キャンベル氏は2007年にカリフォルニアでGoogleに入社し、2013年に来日。2010年からGoogle Japanに参画していた川口氏とともに「Google マップ」モバイル版などの開発に携わった。
Googleは言わずと知れたグローバルIT企業だ。Google マップチームも日本と本社のある米・カリフォルニア州のマウンテンビュー、ニューヨーク、ロンドン、シドニー、スイスなど、世界中に分散していた。「離れた場所を常時接続でつなげて、2つのチームが一緒に働ける環境をつくる試みは何度もありました」と川口氏は言う。
「四半期に1度はマウンテンビューで会おうということになっていました。それがないとチームがまとまらず、マネジャー間の信頼が薄れるからです。違うオフィスで同じようなプロジェクトが立ち上がってバッティングするようなことは何度も起きていました。しかし、そういう問題を解決するのに、飛行機に毎度乗って移動することには、そろそろ飽きていたのです」(川口氏)
だが、Google ハングアウトをつなげっ放しにしたり、それぞれのオフィスのハドルスペース(軽い打ち合わせ用のスペース)を常時接続したりといろいろと試したが、問題は解決しなかったという。
キャンベル氏もキャンベル氏で、仕事における心理的・物理的距離を縮めることのほか、自分が帰属するコミュニティや家族とのつながりを維持するためにも、常に世界中を移動する生活を送っていた。
3年半、同じチームで働いた後、キャンベル氏は「新しいことを始めないか」と川口氏を誘った。
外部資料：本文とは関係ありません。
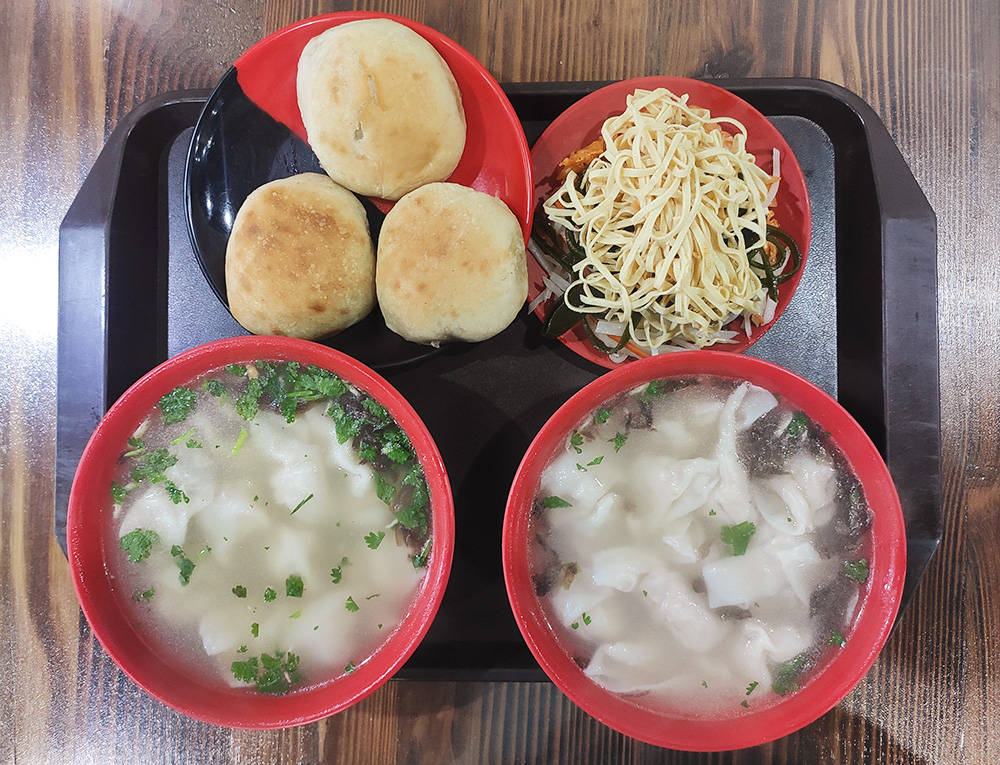 南七馄饨你们都吃过吗 鸡丝馄饨和三鲜馄饨有啥区别呀 老曲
2人が参加したクリエイティブコミュニティ「Straylight(ストレイライト)」でのエンジニア、クリエイターとの出会いも彼らに影響を与えた。
「私には3人の子どもがいるのですが、子どもたちと東京に住み続けるのはサステナブルではないなと、ちょうど思い始めた頃でもありました。自分がつながっていたい、エンジニアやクリエイターのプロフェッショナルコミュニティは東京にあるけれども、いるべき場所は海外や郊外にある。そこで、どうやってこのネットワークや人とのつながりを維持するか、真剣に考えるようになりました」(川口氏)
2017年4月、キャンベル氏からtonariの原型となるアイデアが出る。川口氏が解きたい問題とキャンベル氏が解きたい問題がちょうど合致したことから、プロジェクトがスタートした。